Apple has lost a patent infringement lawsuit in federal court, and has been ordered to pay $8 million in damages to Personal Audio for infringement of its patents on iPod playlist technology. In particular, Personal Audio argued that Apple had violated their US patent 7,509,178 regarding “Audio Program Distribution and Playback System” and US patent 6,199,076 which deals with the “Audio Program Player Including a Dynamic Program Selection Controller”. Personal Audio had originally demanded $84 million in damages from Apple, and it’s unlikely that Apple will appeal the decision since the $8 million fee will not have much impact on the company’s financials.
However, the company may have other reasons to file an appeal given the similarities between this case and some other pending cases like the one between Lodsys and iOS developers. In that case, Lodsys is claiming that iOS developers infringed on patents for in-app purchasing technology. Apple is intervening on behalf of the developers by asserting that they are covered by a previous licensing agreement between Apple and Lodsys.
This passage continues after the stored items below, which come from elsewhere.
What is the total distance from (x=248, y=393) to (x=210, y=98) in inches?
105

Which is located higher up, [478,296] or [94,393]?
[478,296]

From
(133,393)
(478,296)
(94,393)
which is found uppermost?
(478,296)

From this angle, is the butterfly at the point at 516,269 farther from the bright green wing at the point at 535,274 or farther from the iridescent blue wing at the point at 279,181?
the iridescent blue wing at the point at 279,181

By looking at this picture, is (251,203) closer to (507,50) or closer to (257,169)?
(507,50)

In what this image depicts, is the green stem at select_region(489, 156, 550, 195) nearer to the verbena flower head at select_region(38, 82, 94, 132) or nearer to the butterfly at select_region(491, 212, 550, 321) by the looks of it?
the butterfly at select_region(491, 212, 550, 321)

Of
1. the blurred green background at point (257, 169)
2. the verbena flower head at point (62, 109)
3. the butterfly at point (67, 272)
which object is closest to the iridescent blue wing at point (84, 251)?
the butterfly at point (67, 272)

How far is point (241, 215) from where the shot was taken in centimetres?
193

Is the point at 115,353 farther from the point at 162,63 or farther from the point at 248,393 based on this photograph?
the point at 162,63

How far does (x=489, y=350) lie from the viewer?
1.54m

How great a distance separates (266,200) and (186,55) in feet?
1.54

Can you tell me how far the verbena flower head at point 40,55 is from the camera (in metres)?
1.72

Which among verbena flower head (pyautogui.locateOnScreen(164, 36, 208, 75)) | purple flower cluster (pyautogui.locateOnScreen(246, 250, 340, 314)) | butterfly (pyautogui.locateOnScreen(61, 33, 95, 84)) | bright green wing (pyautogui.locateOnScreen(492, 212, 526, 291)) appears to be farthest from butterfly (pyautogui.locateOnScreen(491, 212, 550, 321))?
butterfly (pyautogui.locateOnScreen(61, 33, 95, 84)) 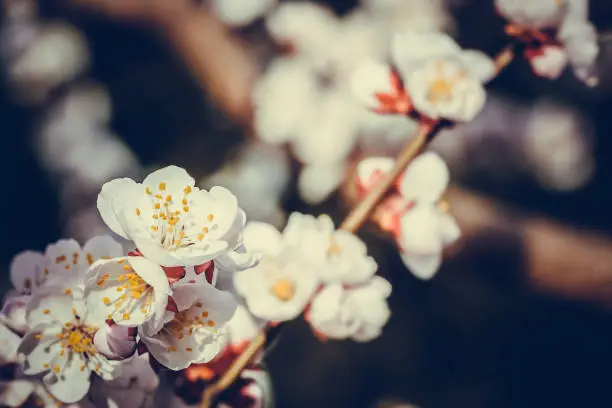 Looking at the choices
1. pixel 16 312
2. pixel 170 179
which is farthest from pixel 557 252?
pixel 16 312

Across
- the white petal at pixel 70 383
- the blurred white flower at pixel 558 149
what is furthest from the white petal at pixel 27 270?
the blurred white flower at pixel 558 149

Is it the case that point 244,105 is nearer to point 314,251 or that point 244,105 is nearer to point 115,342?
point 314,251

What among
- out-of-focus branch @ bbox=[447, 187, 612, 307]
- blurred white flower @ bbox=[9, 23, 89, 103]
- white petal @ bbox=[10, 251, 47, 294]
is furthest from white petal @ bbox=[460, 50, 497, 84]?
blurred white flower @ bbox=[9, 23, 89, 103]

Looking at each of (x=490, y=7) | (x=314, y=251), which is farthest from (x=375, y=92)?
(x=490, y=7)

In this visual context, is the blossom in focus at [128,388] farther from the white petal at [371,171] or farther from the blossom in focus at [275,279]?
the white petal at [371,171]

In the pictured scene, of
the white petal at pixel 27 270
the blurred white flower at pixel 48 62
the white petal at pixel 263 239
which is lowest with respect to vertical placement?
the blurred white flower at pixel 48 62
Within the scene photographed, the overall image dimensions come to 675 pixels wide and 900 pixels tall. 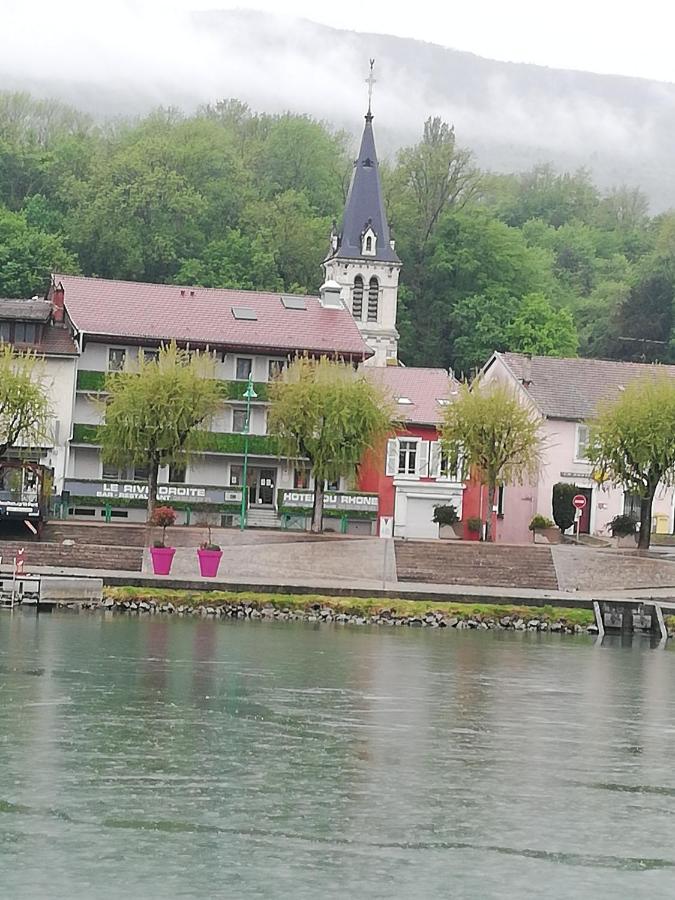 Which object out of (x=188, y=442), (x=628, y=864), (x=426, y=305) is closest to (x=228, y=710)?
(x=628, y=864)

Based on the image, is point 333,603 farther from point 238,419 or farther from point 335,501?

Lodsys, like Personal Audio, is a company that is set up to generate income from patent licenses. Another similarity between the two cases is that both were filed in the East Texas district court, which has developed a reputation for favoring “patent trolls.” In the Personal Audio case, the Eastern Texas District court judge found that Apple had infringed on two generic patents related to downloadable playlists on both the iPod and the iPhone.
Specifically, one of these patents was for the dynamic selection capability of an audio player, while another was for the playback system in an audio program. Apple had contended that the patents were invalid and that it wasn’t infringing on either one. Apple sold over $8 billion in iPods alone last year, which accounted for 13% of total sales.